To do =>
Your copy should hold only the lines from the one with "Opal Dangle Earrings" to the one with "Surplus Check Quilt Overshirt", both included, each exactly as it stands below, with no pictures.

Data shown =>
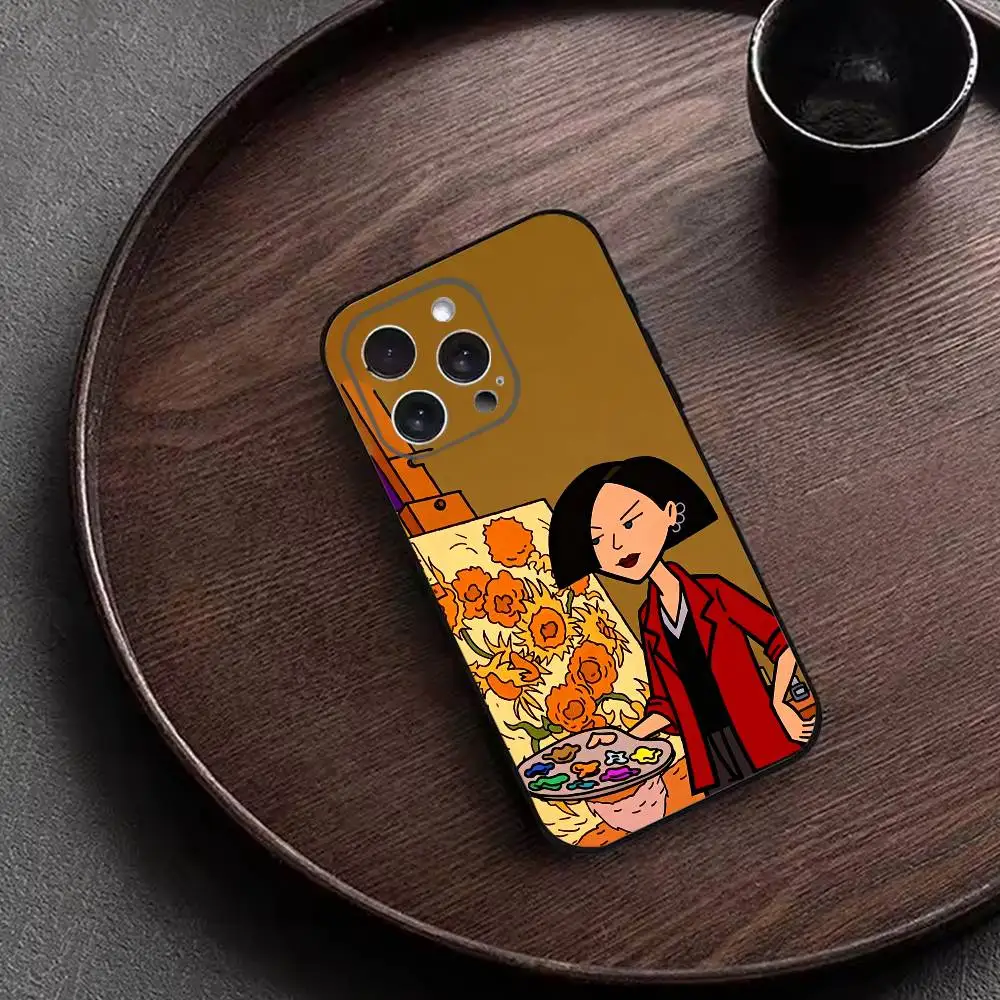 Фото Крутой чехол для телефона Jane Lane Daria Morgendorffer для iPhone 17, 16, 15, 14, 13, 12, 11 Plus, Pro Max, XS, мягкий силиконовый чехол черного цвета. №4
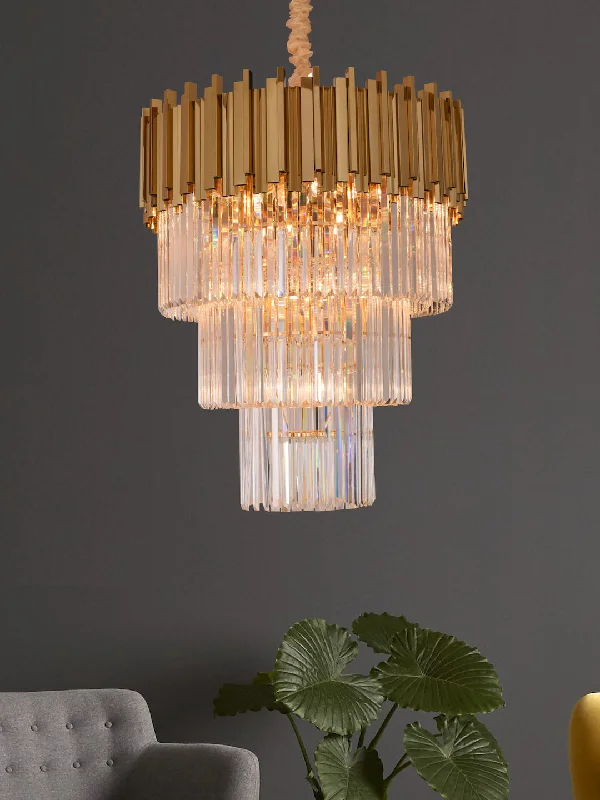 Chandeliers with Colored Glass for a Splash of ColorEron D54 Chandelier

...

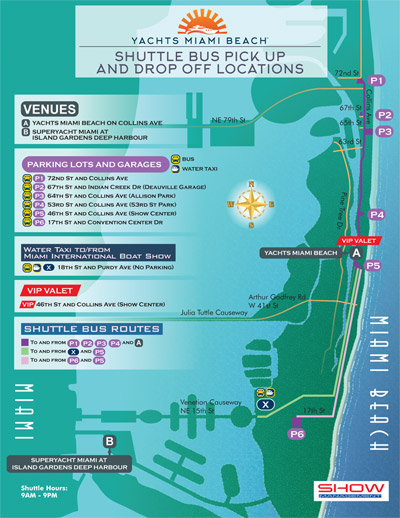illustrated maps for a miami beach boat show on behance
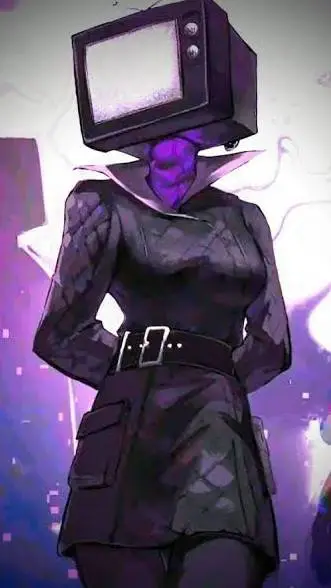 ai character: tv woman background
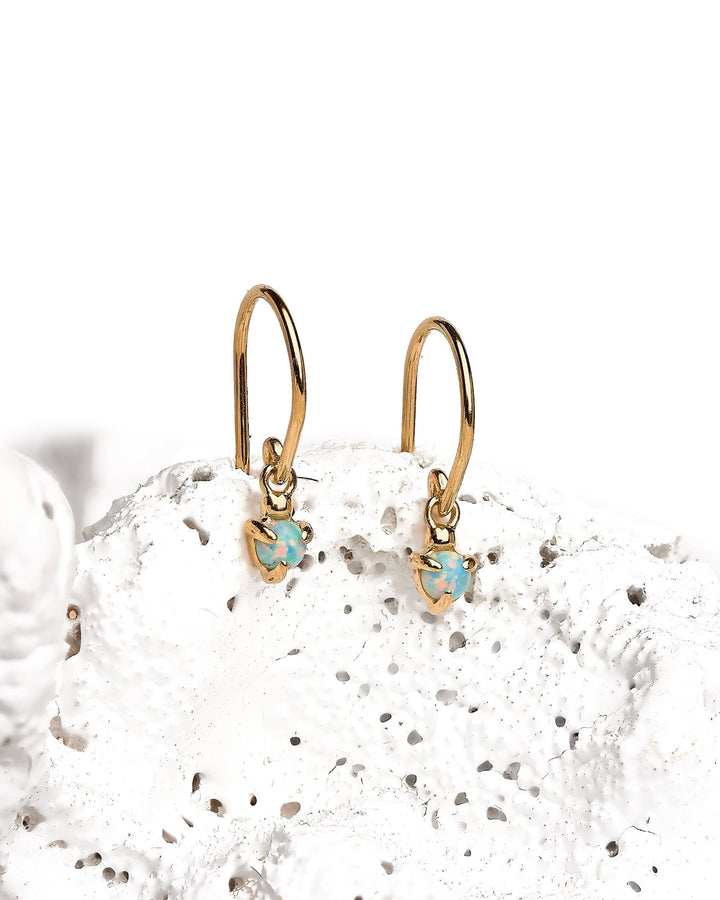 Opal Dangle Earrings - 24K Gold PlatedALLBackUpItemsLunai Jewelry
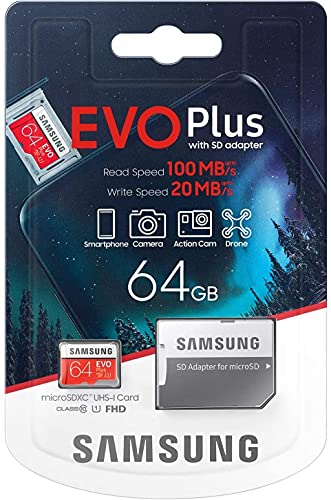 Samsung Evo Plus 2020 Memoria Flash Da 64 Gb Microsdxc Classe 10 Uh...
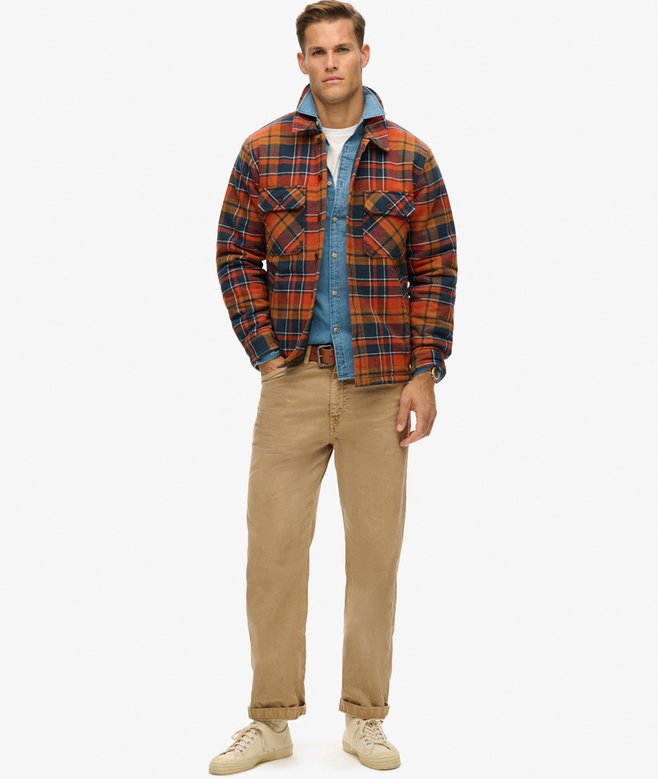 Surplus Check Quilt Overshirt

Response to this task =>
 Opal Dangle Earrings - 24K Gold PlatedALLBackUpItemsLunai Jewelry
 Samsung Evo Plus 2020 Memoria Flash Da 64 Gb Microsdxc Classe 10 Uh...
 Surplus Check Quilt Overshirt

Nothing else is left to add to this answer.